Parliament of Malaysia is in session in April, July and October, and the rest of the time is called the recess time. During the recess time, only the Prime Minister can call for Parliament
So if the King calls for a meeting during recess time, there’s no procedure for it.
I want to create a procedure in the Standing Orders to say that, as and when His Majesty decrees for Parliament to meet, the palace will send a letter to the Speaker and the Speaker will inform the Prime Minister. Note here that I said “inform”, not to get consent (from the Prime Minister).
You mentioned to me earlier about making the Cabinet accountable to Parliament. What are the plans for this?
There must be a committee to oversee the government, and Commonwealth countries call it the Departmental Select Committee. (Former Dewan Rakyat Speaker) Tan Sri Mohamad Ariff Md Yusof started the committee in 2018 but it was half-heartedly done. I told him: “Tan Sri, you should start with amending the Standing Orders. Make a provision to say that Parliament can appoint a committee.”
When the budget is passed and the ministries are given the money, how do they spend the money? This is why sometimes we see some states being isolated like Kelantan from the 1980s until finally around 2009 during (former Prime Minister) Datuk Seri Najib Razak’s time. Before that, the state was marginalised because it didn’t share the same (political views).
The Special Select Committee we have now, its authority and powers are based on the motions of the Dewan Rakyat and that doesn’t bind those on the outside, just MPs. That’s why when some of the chairmen (of select committees) complained about government officers refusing to come to Parliament, it’s because the government officers knew that it (the committees) have no power to call them up. They know they don’t need to comply.
So the government is happy because nobody is supervising them. They can do what they like. They built roads using money that was approved for building bridges and so on because the tradition is that, the government does not want to be supervised.
They are ministers, so why should they be supervised by you? Why should the Cabinet be told by Parliament this or that is wrong?
This is why the Speakers of those days didn’t want to get involved in this. They were worried about not being appointed again but I don’t care. If they want to remove me tomorrow, they can do that. I’ve got to do the right thing. I’m expecting the government to support me on this because I cannot stand in the Dewan Rakyat and table the law. I have suggested and discussed this with Tan Sri Johari.
As a former Member of Parliament yourself, do you believe MPs should focus more on carrying out their legislative and constitutional functions instead of having to act as a state assemblyman, ketua kampung and perhaps other roles that the constituents expect them to take on?
An MP has to pass the budget, create laws and pass laws made in Parliament. You have to deliberate on the budget and tell the government what’s wrong with the budget. You have to perform the function of Parliament and the Constitution dictates you to do so but here, we have not done that properly.
MPs must know his duties do not include looking at ditches and drains. That’s the work of the local council and state assemblymen. You are part of the bigger group on the top. You must be talking about policies. You need to see that proper balanced development is done, what are the facilities and amenities that the government must provide for the people not only in Kuala Lumpur and the big cities, but also rural areas because they too pay taxes.
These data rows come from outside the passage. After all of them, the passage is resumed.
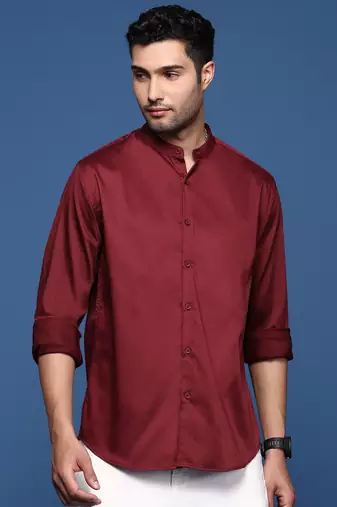 men's mandarin collar solid slim fit maroon shirt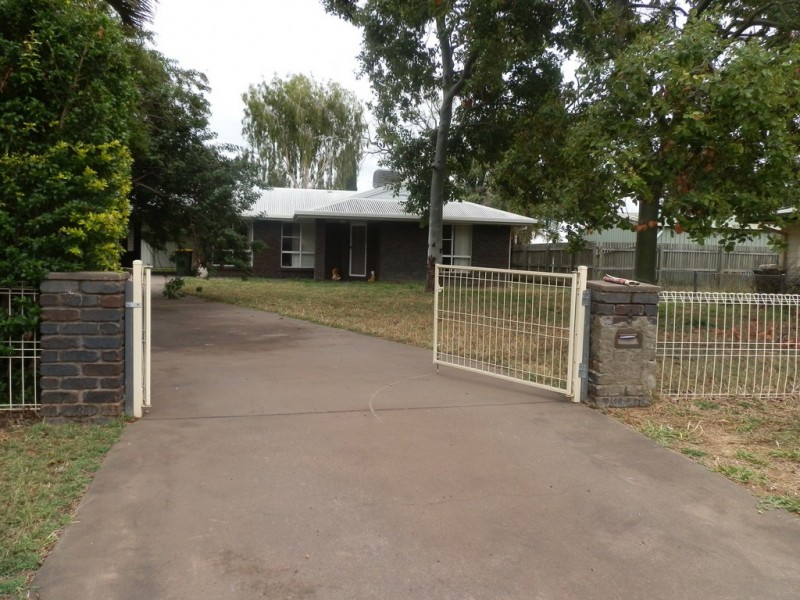 8 Crystal Court, Emerald QLD 4720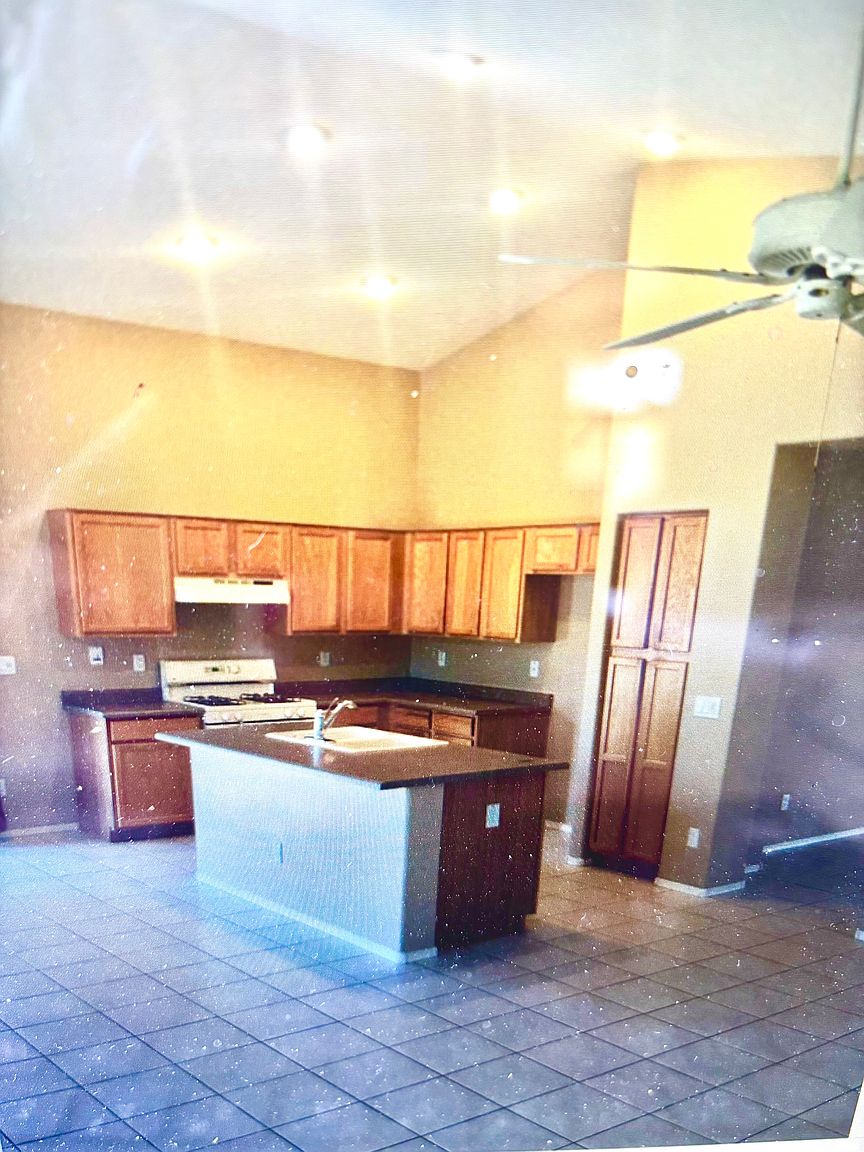 40716 N Columbia Trl photo 2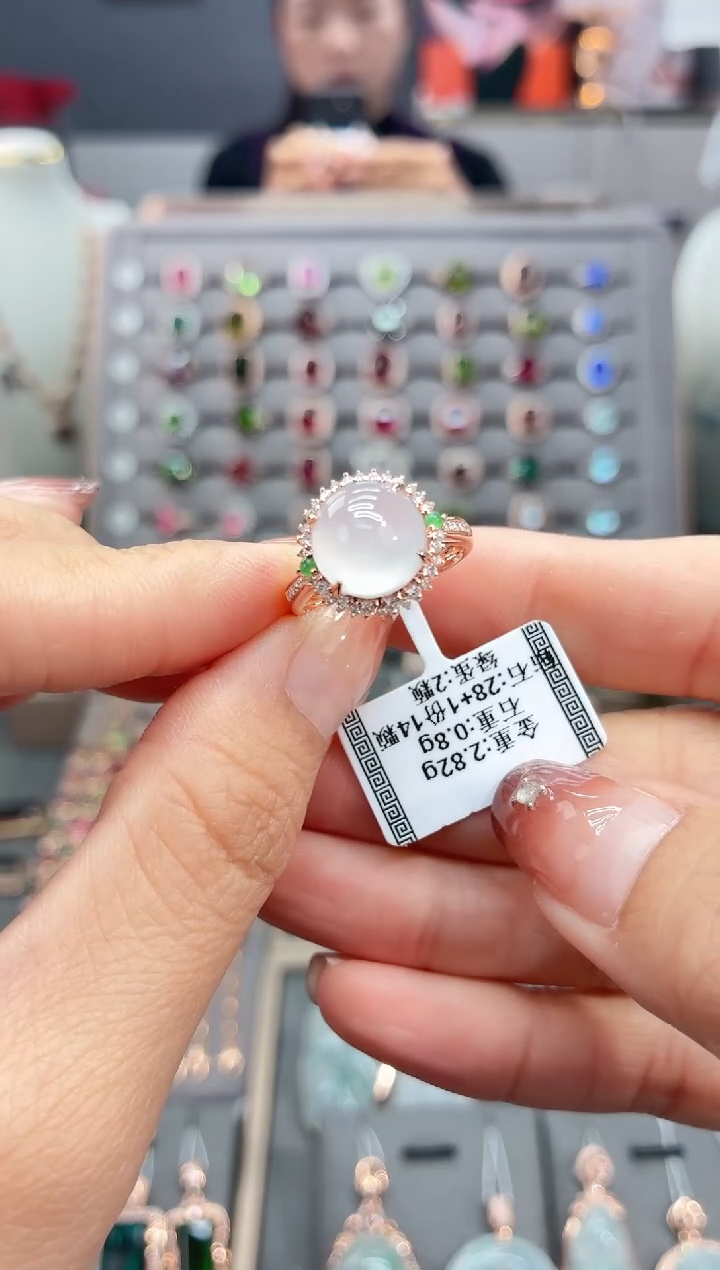 18K金镶嵌戒指翡翠0.8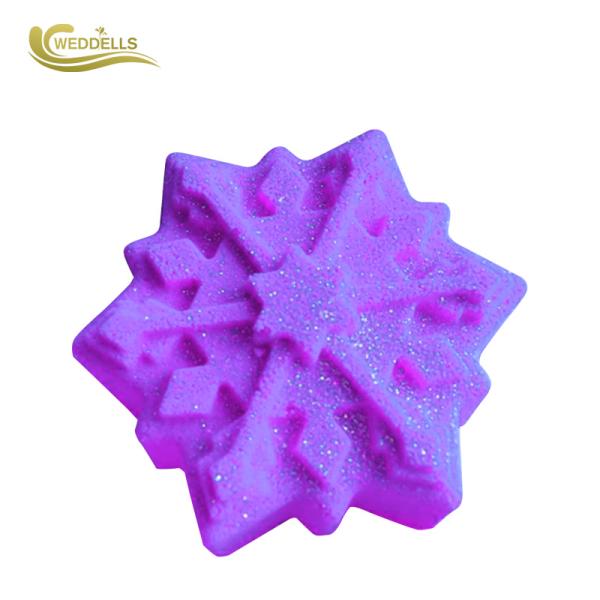 OEM Unique Shape Snowflake Bath Bomb With Flower Fragrance For Chrismas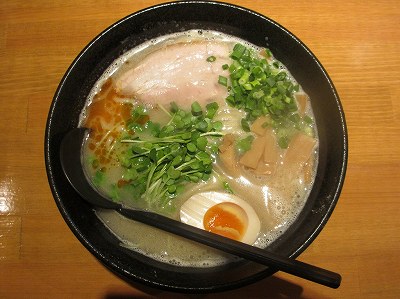 塩トンコツ風らぁめん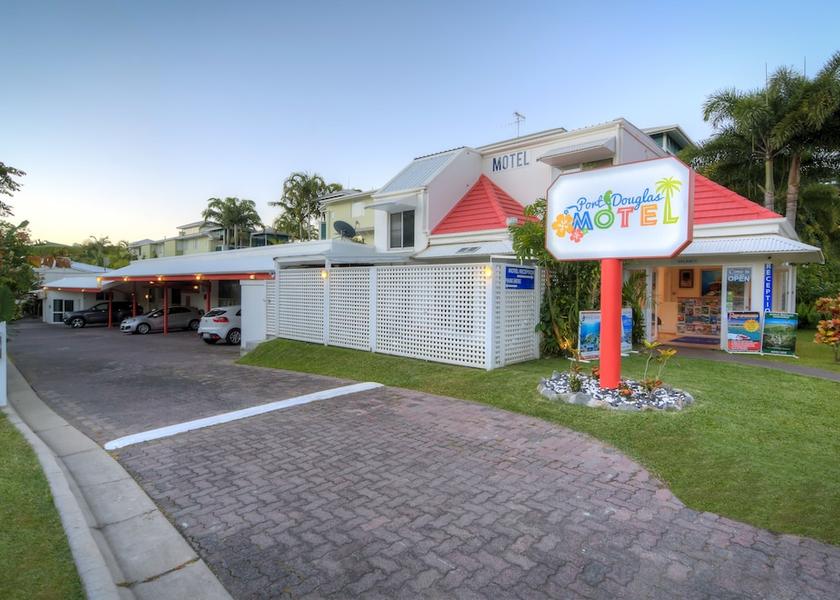 Queensland Port Douglas Front of property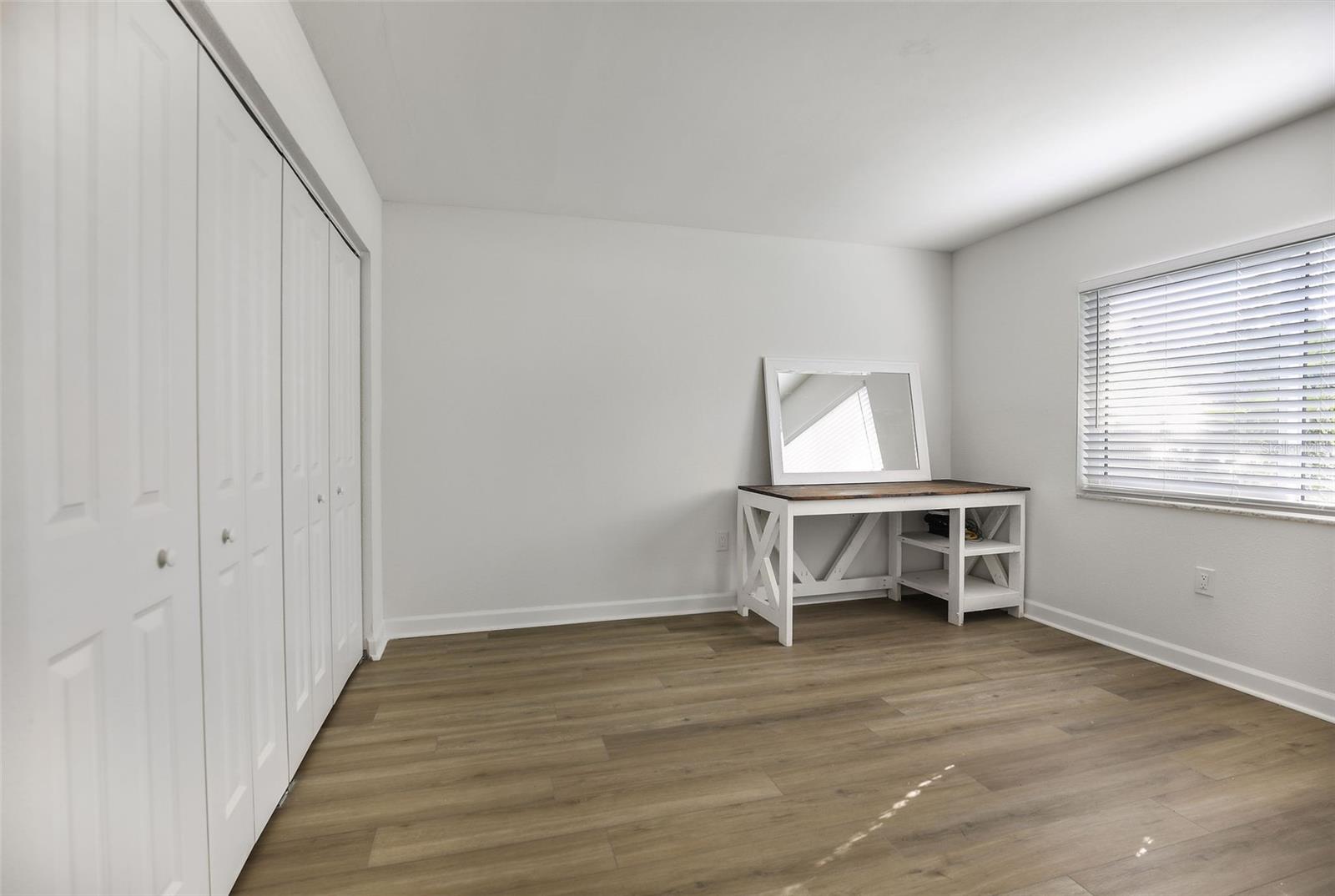LAKE OVERLOOK APTS - Residential Lease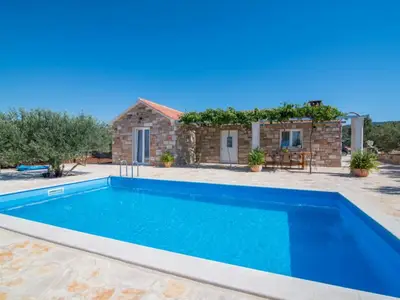 PoolOfHouse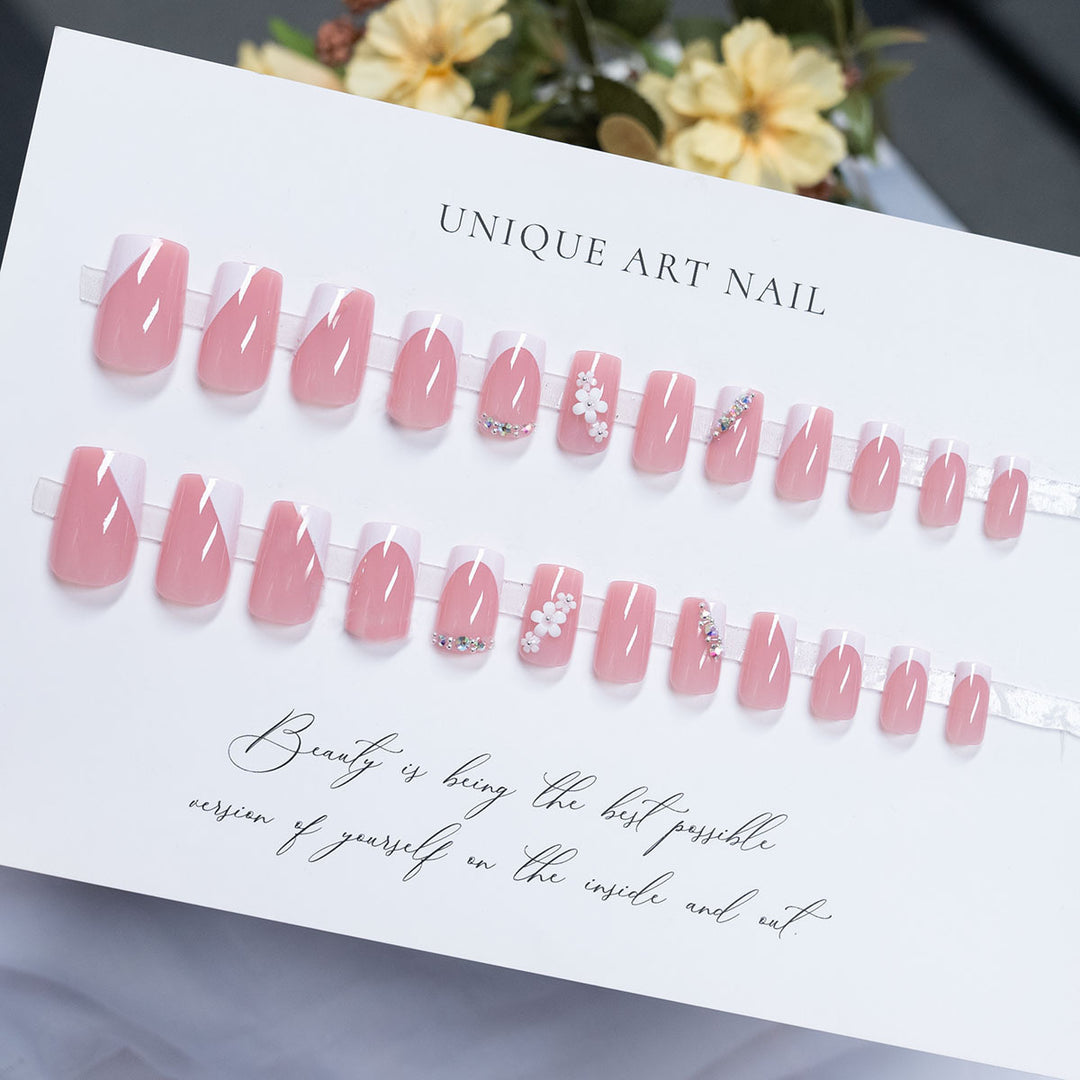 Dekoratives Press-On-Nagelkunst-Set mit Blumen- und Strassakzenten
How do they deal with the expectations of voters wanting to see their MPs on the ground then? The MPs may be worried that their votes will be affected in the next election.
That is because we developed the practice and at the end of the day, MPs become state councillors. The MPs themselves have to make the changes instead of going to every funeral and wedding. In my 32 years as MP, I rarely do all those things, maybe just two or three times a year.
You train your constituents. My way is different and they understand that. Otherwise, if I am expected to go to all weddings, I’ll go crazy. So it all depends on the MPs. I was shifted from Batang Lupar to Santubong (parliamentary seats) and yet people still supported me. So it’s not about people’s demands. It is you who try to be close with people by doing that, it’s your mistake.